Pagine Romaniste (F. Belli) – “Raramente un artista è stato un eroe. Più spesso vive isolato e come un timidissimo coniglio”, diceva il compianto Fabrizio De Andrè. Ed è timido Giacomo Losi, però è tutto fuorché un coniglio. Non lo era neanche a 8 anni, quando in piena notte ha visto degli squadristi portargli via il padre. “Stai tranquilla”, dicevano alla madre, “lo mandiamo a lavorare per la patria e sarai anche fortunata, perché ti manderà tanti bei soldini”. Lavorare, per quei soldati, significava scavare fossati e recinzioni intorno a un campo di concentramento. Inutile dirlo, quei bei soldini a casa non arriveranno mai. Non era timido neanche a 10 anni, quando in cima alla Rocca Sforzesca di Soncino portava bombe e nastri di mitragliatrice ai partigiani. Erano tempi duri e i bambini della sua età passavano più tempo nei rifugi che tra i banchi di scuola. Negli stessi anni quel bambino scopre anche l’amore per il calcio e inizia a muovere i primi passi nella squadra del paese d’origine, per poi passare alla Cremonese. Nel 1954 si lega alla Roma, dove militerà per 15 anni diventandone pian piano titolare, capitano e idolo. Difensore destrorso, ha giocato anche terzino e libero. Non era molto alto ma era agile e bravo nell’anticipo, una vera spina nel fianco per ogni attaccante. Poco dopo diventa capitano e nel 1961 accade qualcosa che lo renderà un immortale mito giallorosso. Nasce una storia che sembra più una leggenda, una di quelle che cambia forma e si arricchisce di particolari, alcuni bizzarri, ogni volta che viene raccontata.

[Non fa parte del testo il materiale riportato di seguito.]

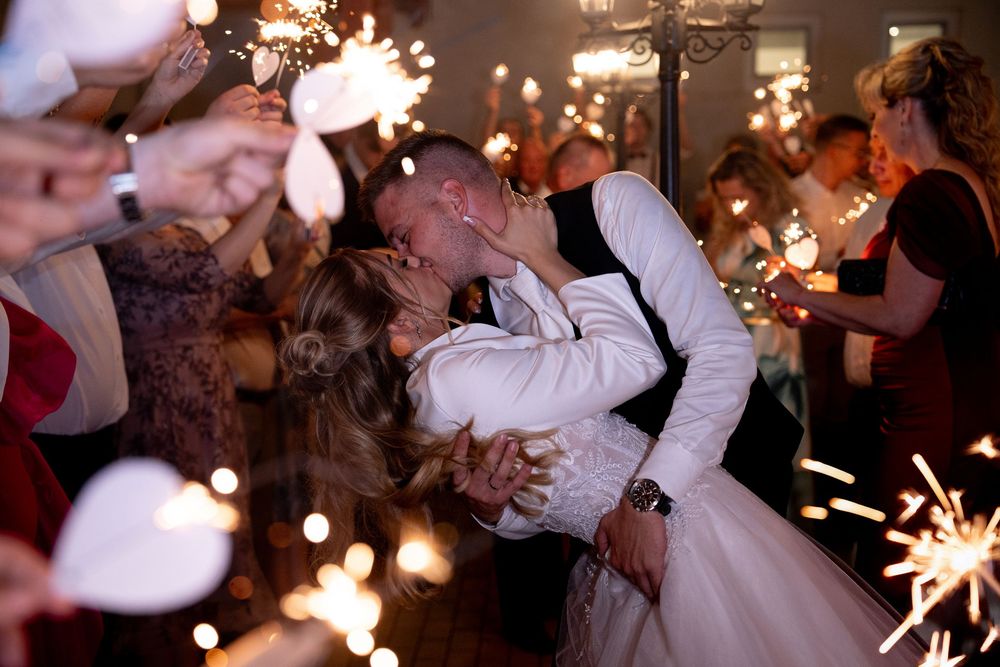 A romantic dance dip captured during a wedding reception with sparklers creating magical light trails in the background.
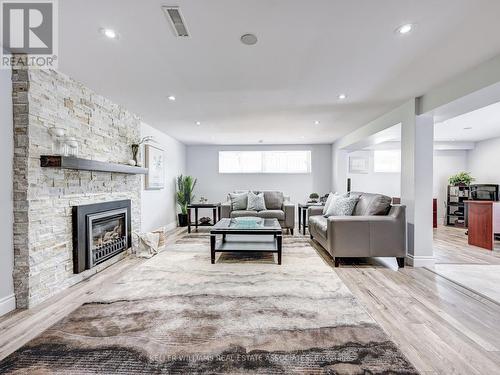 4 Rapallo Mews, Mississauga, ON - Indoor Photo Showing Living Room With Fireplace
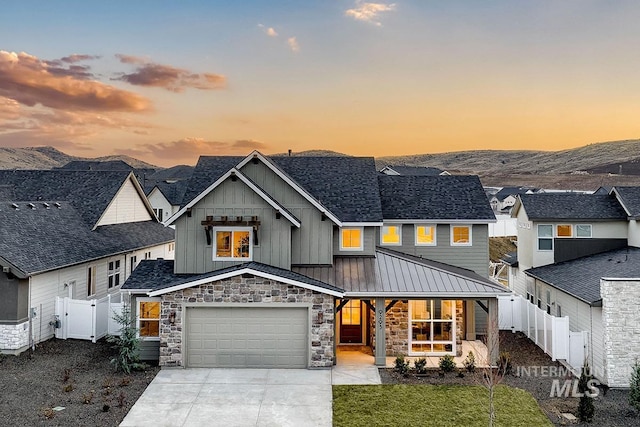 view of front of home featuring fence, concrete driveway, a garage, stone siding, and board and batten siding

La nascita di “Core de Roma” e la colletta del Sistina
L’8 gennaio la Roma affronta la Sampdoria in Coppa Italia e la gara è ferma sul 2-2. Giacomino ha uno strappo all’inguine ed è costretto a spostarsi sull’ala destra, giusto per far numero visto che la squadra è già in inferiorità numerica. All’epoca non sono previste sostituzioni e qualsiasi altro tranne lui sarebbe uscito. Ma non lui, che a 8 anni si è visto portare via il padre da uno squadrone infame della morte. Resta in campo, c’è un calcio d’angolo, e il resto lo racconta direttamente lui: “… Lojacono colpi’ la sfera, il pallone compi’ una traiettoria e arrivo’ alla mia portata: raccolsi tutte le forze e spiccai il volo sulla gamba buona. Anticipai Bernasconi e insaccai di testa. Ancora adesso mi chiedo dove trovai la forza necessaria”. Dopo questo episodio i tifosi lo soprannominano “Core de Roma”, un vero e proprio romanista padano. Un cuore grosso, mezzo giallo e mezzo rosso anche quando, tre anni dopo, partecipa direttamente alla colletta del Sistina raccogliendo lire tra i tifosi. Come troppe storie d’amore però, anche quella tra Losi e la Roma finisce in freddezza. Viene infatti ceduto a costo zero per volontà del mago Herrera, che nella Capitale in realtà di magie e conigli dal cilindro ne ha tirati fuori ben pochi. E’ questa la sconvolgente freddezza con cui la razionalità mette il punto, e va a capo.